Your task: A line qualifies if it holds the string "strap". Copy every qualifying line from the records.

Exercise inputs:
__________

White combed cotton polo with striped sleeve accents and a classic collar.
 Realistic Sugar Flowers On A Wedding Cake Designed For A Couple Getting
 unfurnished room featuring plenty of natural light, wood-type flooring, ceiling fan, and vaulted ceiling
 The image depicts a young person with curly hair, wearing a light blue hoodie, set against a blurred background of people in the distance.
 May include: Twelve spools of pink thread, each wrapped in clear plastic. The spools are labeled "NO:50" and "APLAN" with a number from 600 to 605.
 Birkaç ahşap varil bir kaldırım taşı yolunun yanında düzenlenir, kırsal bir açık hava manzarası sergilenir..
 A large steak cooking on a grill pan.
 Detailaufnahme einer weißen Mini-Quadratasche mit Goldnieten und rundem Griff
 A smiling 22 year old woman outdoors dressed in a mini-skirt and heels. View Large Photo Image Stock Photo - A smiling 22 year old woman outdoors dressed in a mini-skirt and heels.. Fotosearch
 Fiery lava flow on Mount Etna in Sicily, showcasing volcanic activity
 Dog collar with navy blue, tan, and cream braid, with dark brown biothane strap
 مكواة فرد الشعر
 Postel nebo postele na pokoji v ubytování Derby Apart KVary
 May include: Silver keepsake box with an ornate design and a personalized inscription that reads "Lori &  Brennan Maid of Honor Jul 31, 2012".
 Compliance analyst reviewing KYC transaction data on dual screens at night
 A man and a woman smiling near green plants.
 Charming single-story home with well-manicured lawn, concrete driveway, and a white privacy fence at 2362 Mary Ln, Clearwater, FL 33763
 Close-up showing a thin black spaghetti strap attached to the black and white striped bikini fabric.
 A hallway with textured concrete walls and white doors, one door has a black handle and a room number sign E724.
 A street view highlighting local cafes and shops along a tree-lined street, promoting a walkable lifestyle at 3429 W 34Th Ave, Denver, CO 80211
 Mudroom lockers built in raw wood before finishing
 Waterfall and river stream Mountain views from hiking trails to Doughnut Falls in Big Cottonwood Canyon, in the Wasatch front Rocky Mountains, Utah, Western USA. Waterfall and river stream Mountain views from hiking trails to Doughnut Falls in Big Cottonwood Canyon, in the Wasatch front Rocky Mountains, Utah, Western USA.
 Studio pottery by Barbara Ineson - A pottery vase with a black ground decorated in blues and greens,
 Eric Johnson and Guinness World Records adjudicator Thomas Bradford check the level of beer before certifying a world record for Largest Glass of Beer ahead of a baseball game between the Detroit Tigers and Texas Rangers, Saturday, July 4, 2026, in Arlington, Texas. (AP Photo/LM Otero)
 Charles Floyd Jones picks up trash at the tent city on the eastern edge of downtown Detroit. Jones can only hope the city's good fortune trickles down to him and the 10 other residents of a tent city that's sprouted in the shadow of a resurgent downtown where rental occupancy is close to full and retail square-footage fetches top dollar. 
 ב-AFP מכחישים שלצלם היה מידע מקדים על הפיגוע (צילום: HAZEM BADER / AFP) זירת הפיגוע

__________

Output of the task:
 Dog collar with navy blue, tan, and cream braid, with dark brown biothane strap
 Close-up showing a thin black spaghetti strap attached to the black and white striped bikini fabric.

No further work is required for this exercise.